Fix background crashes #3313

danieldaquino · 2025-11-04T00:11:08Z

Summary

We have mechanisms in place to close NostrDB streams when the database needs to close; however, there is a short time window where those streams are closing down but the database still has its "open" property set to true, which means that new NostrDB streams may open. If that happens, those new streams will still be active when NostrDB gets closed down, causing memory crashes.

This was found by inspecting several crash logs and noticing that:

most of the ndb.close calls are coming from the general backgrounding task (not the last resort backgrounding task), where all old tasks are guaranteed to have closed (we wait for all of them to close before proceeding to closing NostrDB).
the stack traces of the crashed threads show that, in most cases, the stream crashes while they are in the query stage (which means that those must have been very recently opened).

The issue was fixed by signalling that NostrDB has closed (without actually closing it) before cancelling any streaming tasks and officially closing NostrDB. This way, new NostrDB streaming tasks will notice that the database is closed and will wait for it to reopen.

No changelog entry is needed as this issue was introduced after our last public release.

Changelog-None
Closes: #3245

Checklist

Standard PR Checklist

I have read (or I am familiar with) the Contribution Guidelines
I have tested the changes in this PR
I have profiled the changes to ensure there are no performance regressions, or I do not need to profile the changes.
- Utilize Xcode profiler to measure performance impact of code changes.

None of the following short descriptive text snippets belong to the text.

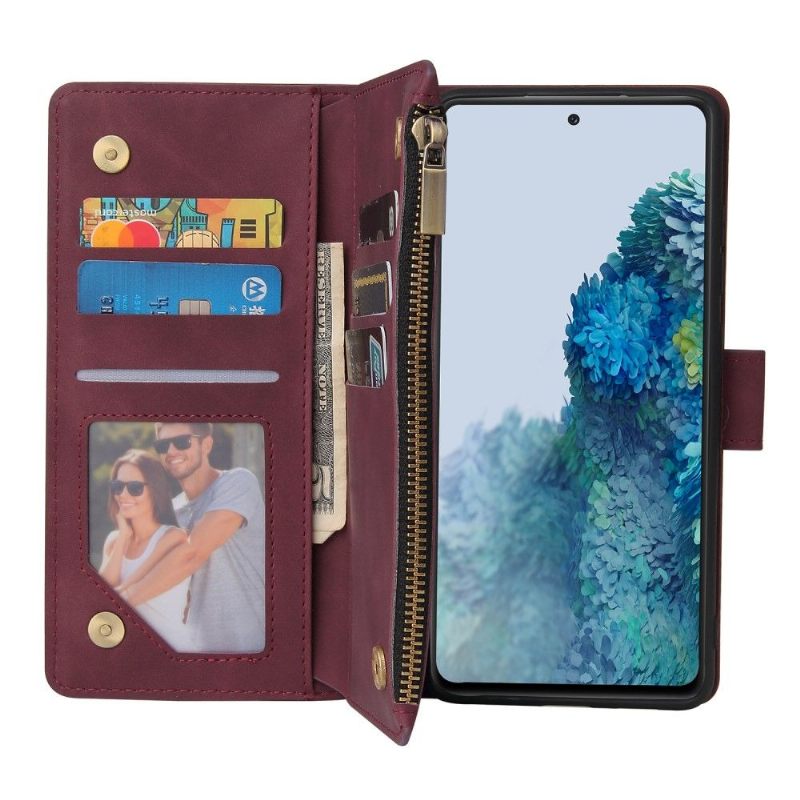 Folio-hoesje voor Samsung Galaxy S20 FE Portemonnee Leren Heloise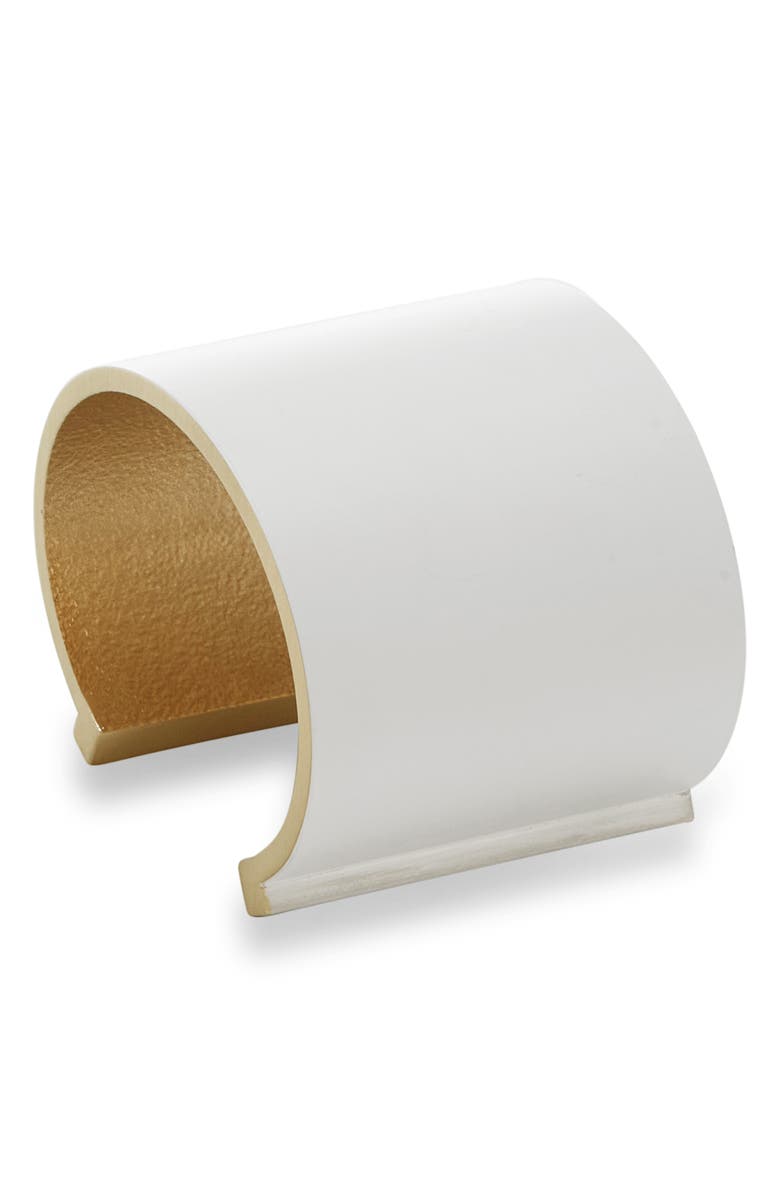 TOM FORD Brass Cuff Bracelet, Alternate, color, White Pearl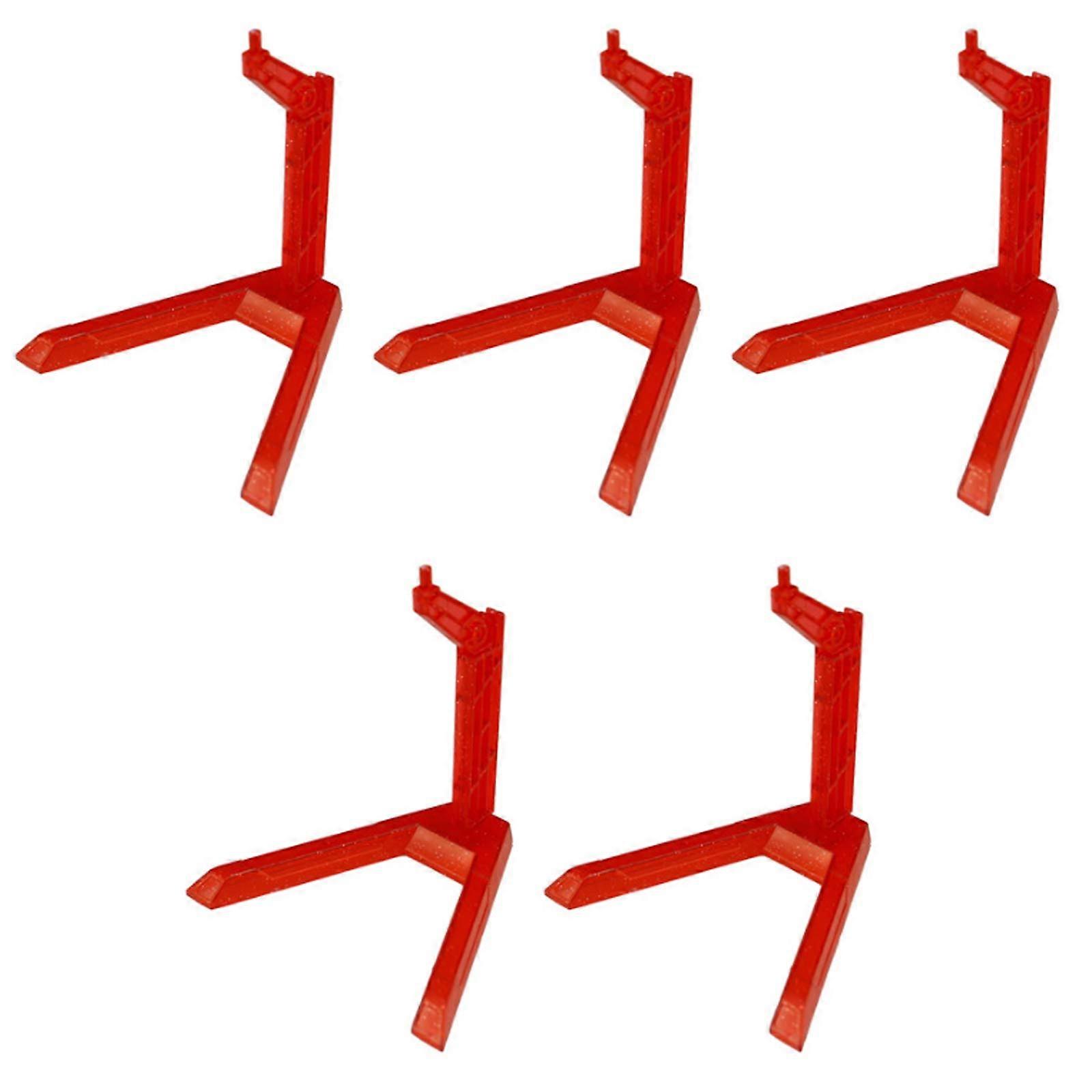 Action Base Red Model Display Stand 5Pcs Adjustable Angles Stable Support for 1/144 SD BB Gundam Figures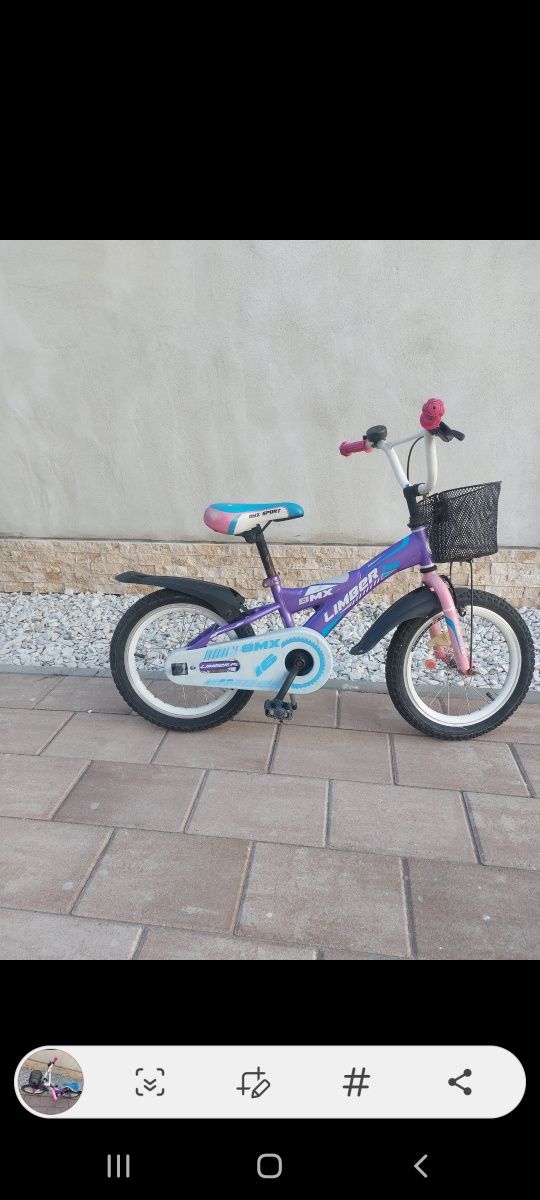 Bicicleta BMX Sport  pentru fetite cu cos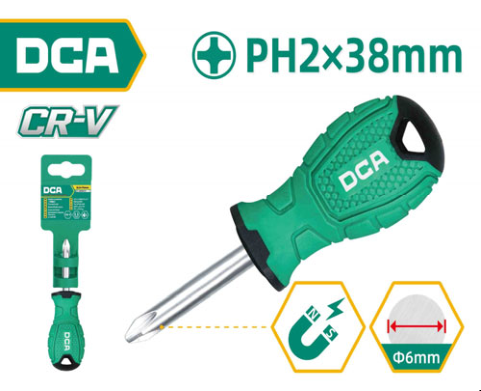 DCA Phillips Screwdriver PH2×38mm A09A0209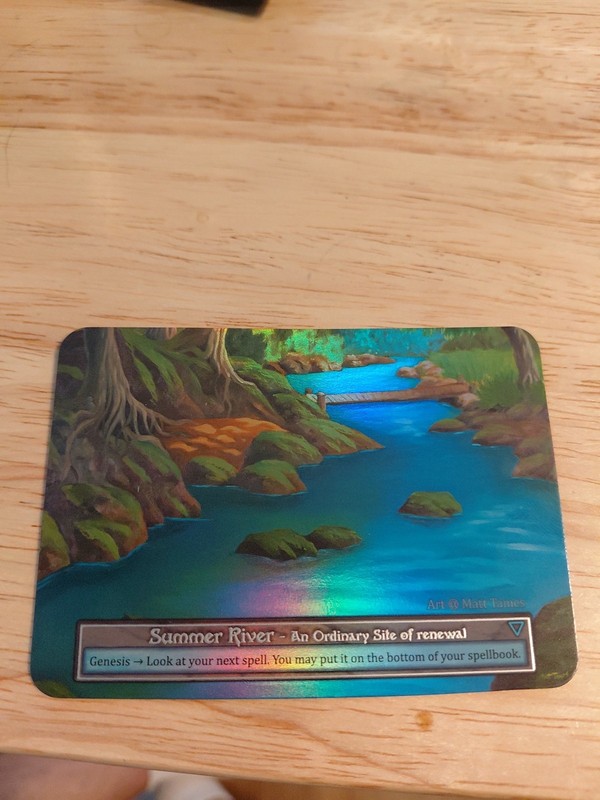 Sorcery Contested Realm Alpha Ordinary Foil Land Summer River Art By Matt Tames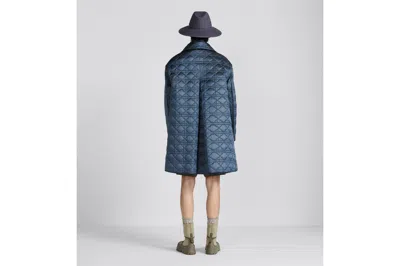 Dior Logo Coat In Blue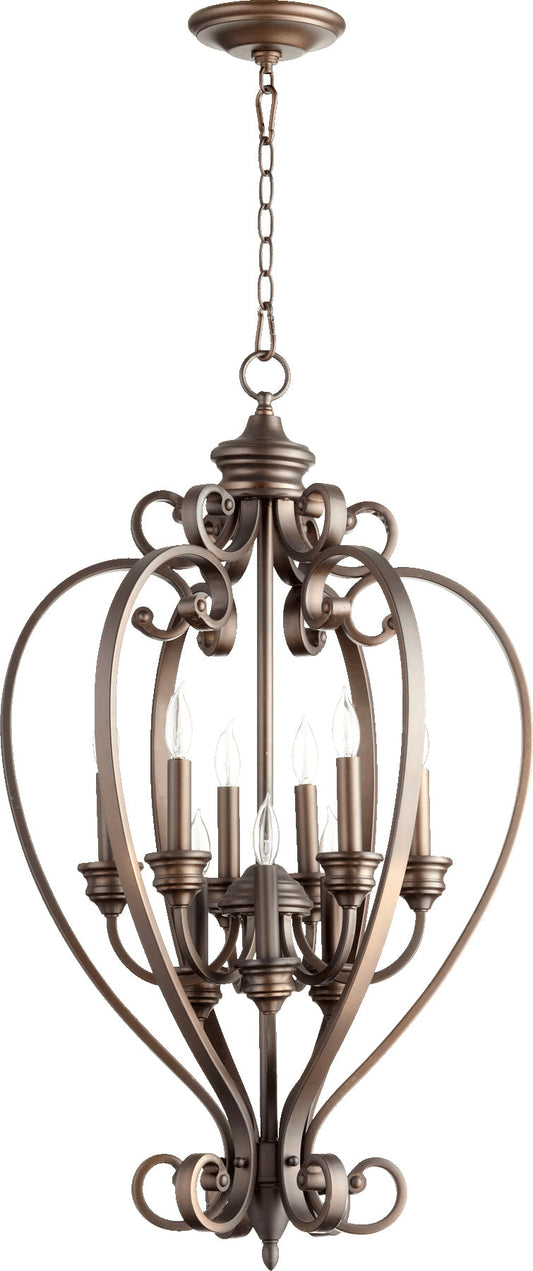 Quorum Bryant 6854-9-86 Entry Pendant Chandelier - Oiled Bronze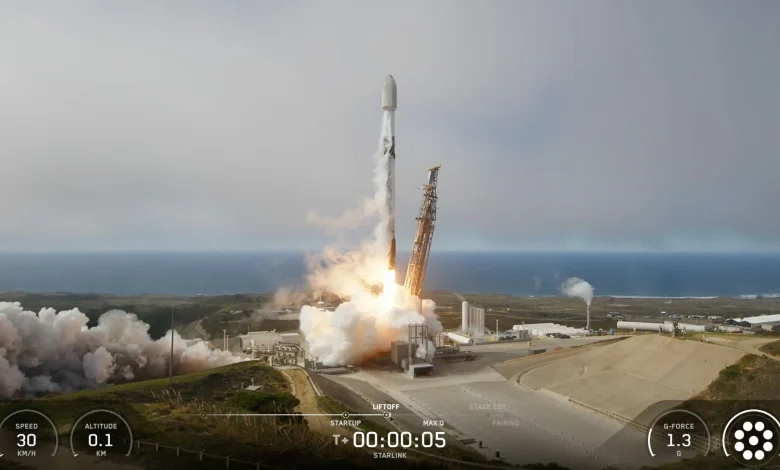 SpaceX launches 28 Starlink satellites from California's central coast (video)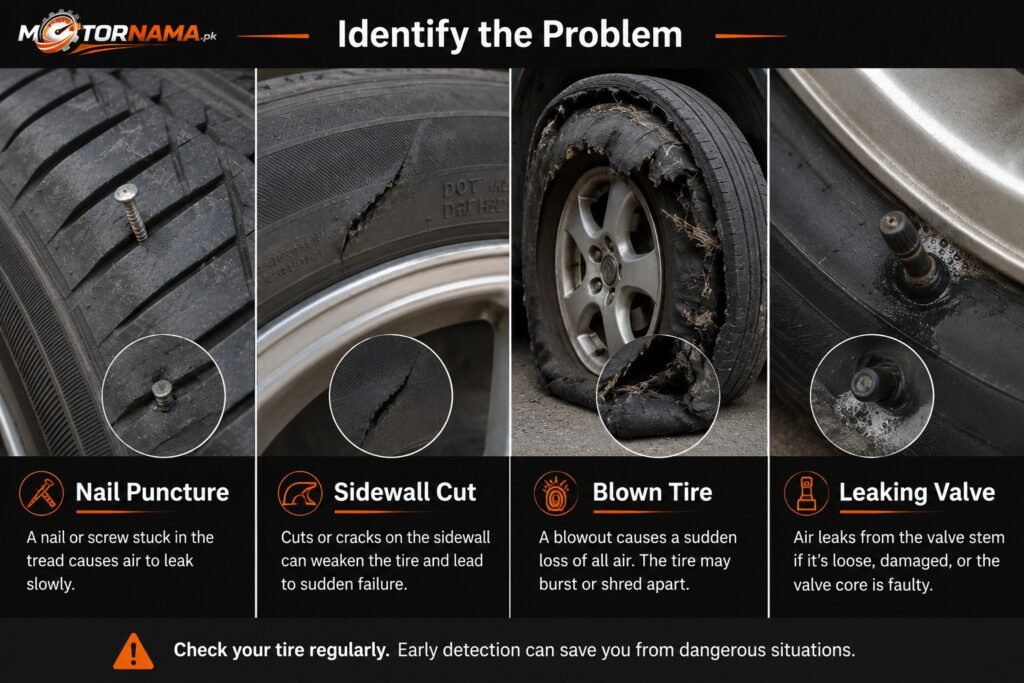 Tire Puncture Types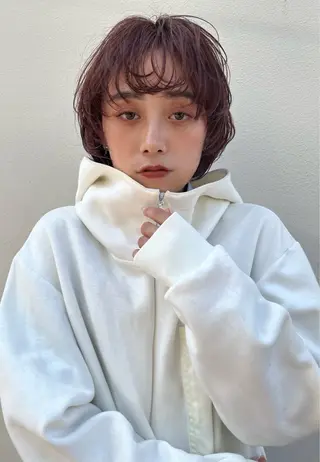 ミディアム カラー 金井京介/レイヤー /ボブパーマのヘアスタイル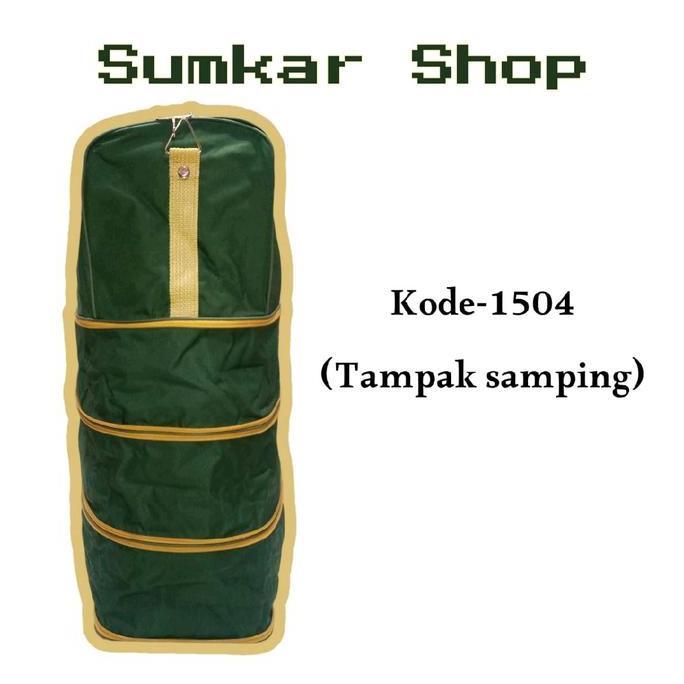 Sale Tas Pakaian Akz / Travel Bag Tingkat Roda Troli / Tas Lipat 3 & 4 Tingkat / Tas Mudik Besar Jum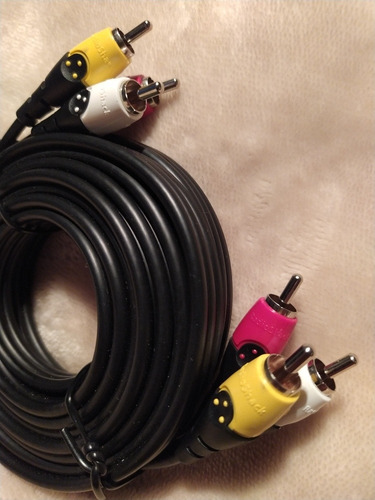 Imagen 4 de 7 de Cable De Audio Stereo Rca De 12 Pies Radioshack Nuevo.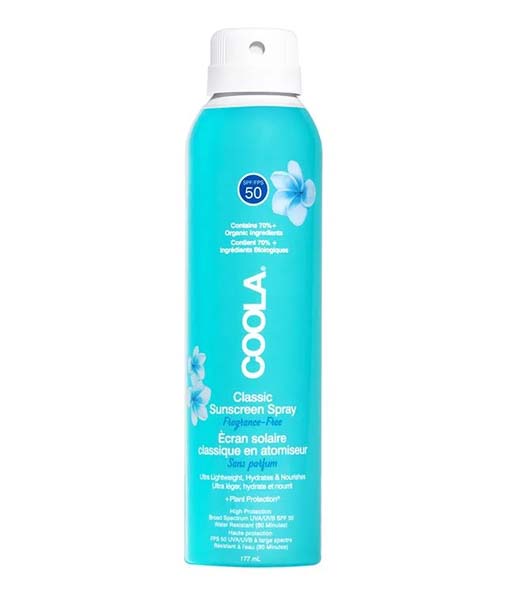 COOLA Classic Sunscreen Spray Fragrance-Free SPF 50 177 ml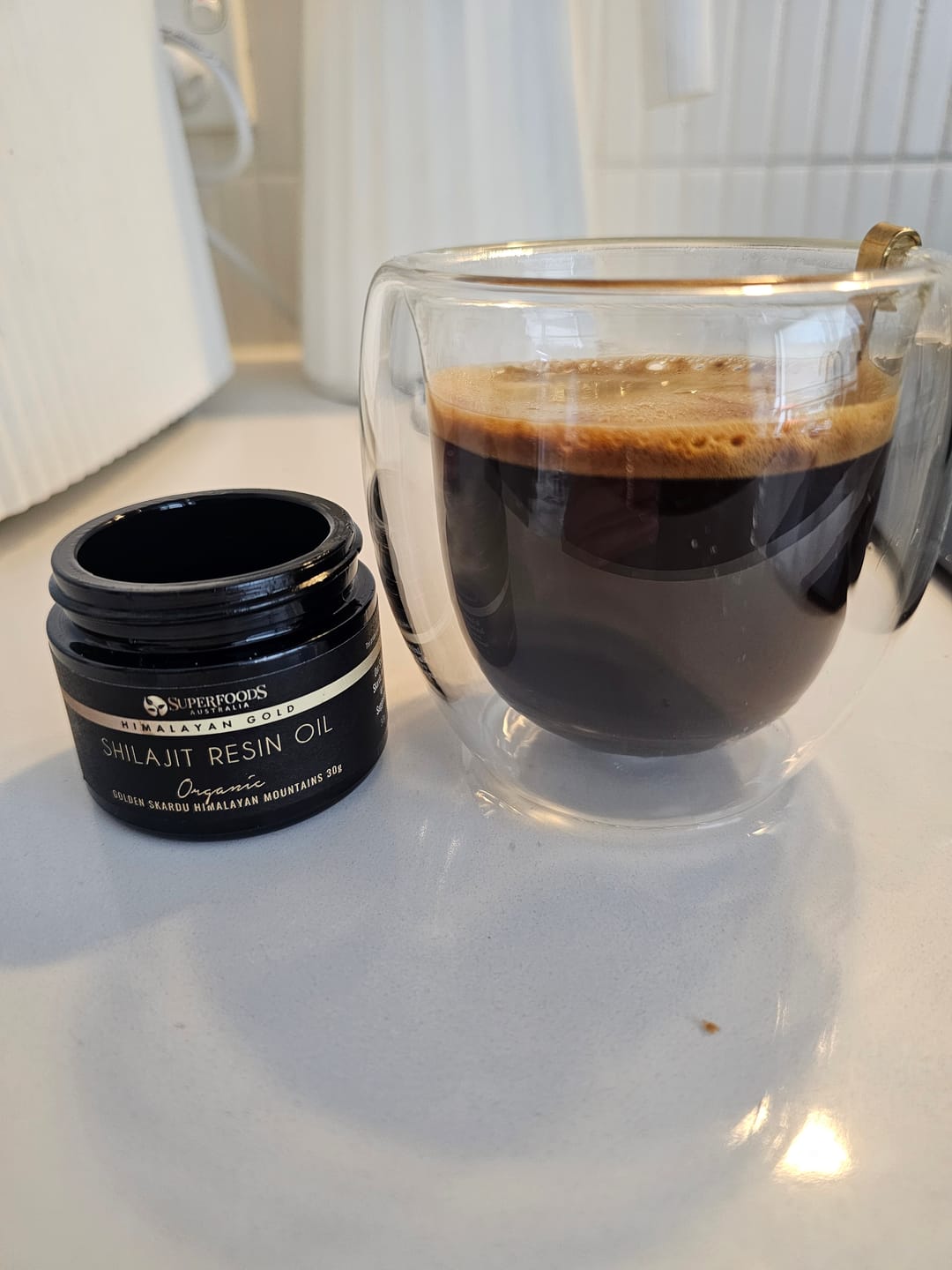 Customer photo review of Shilajit Resin Oil Himalayan Gold
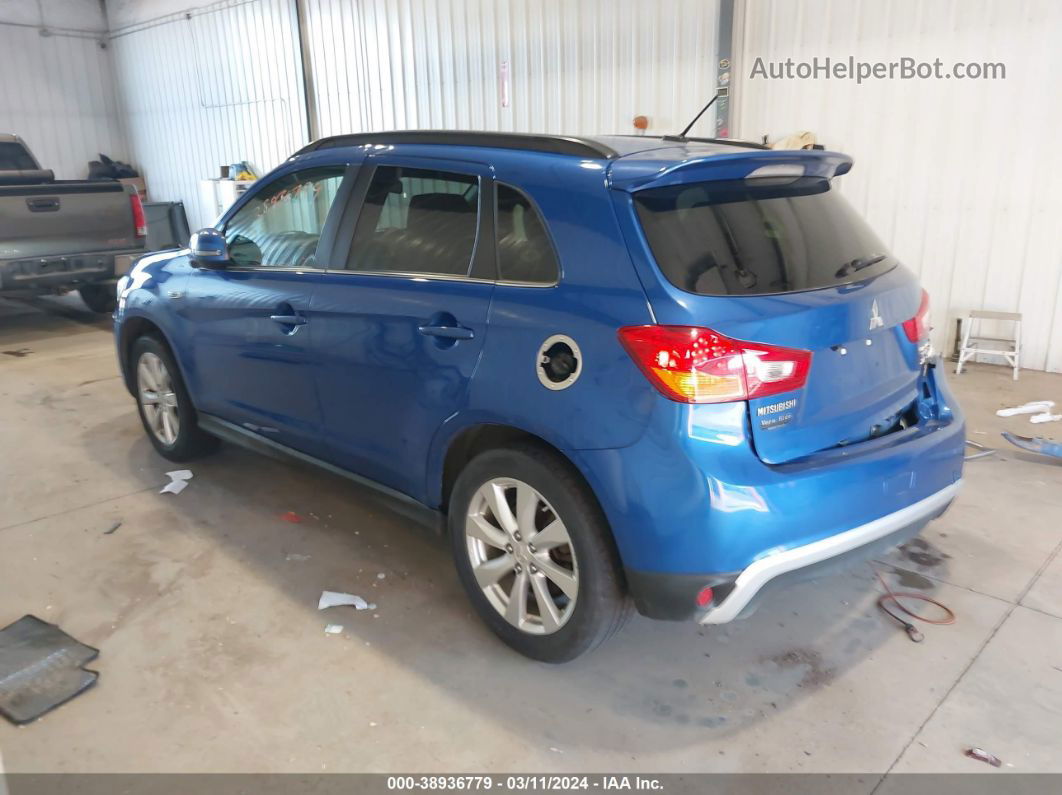 2015 Mitsubishi Outlander Sport Gt Blue vin: 4A4AR4AW8FE027326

See https://developer.apple.com/videos/play/wwdc2025/306
- If not needed, provide reason: Minimal changes
I have opened or referred to an existing github issue related to this change.
My PR is either small, or I have split it into smaller logical commits that are easier to review
I have added the signoff line to all my commits. See Signing off your work
I have added appropriate changelog entries for the changes in this PR. See Adding changelog entries
- I do not need to add a changelog entry. Reason: Issue was introduced after our last public release.
I have added appropriate Closes: or Fixes: tags in the commit messages wherever applicable, or made sure those are not needed. See Submitting patches

Test report

TBD, I will run this for a few days on my phone to see if the background crash occurs.

Results:

PASS
Partial PASS
- Details: [Please provide details of the partial pass]

Other notes

[Please provide any other information that you think is relevant to this PR.]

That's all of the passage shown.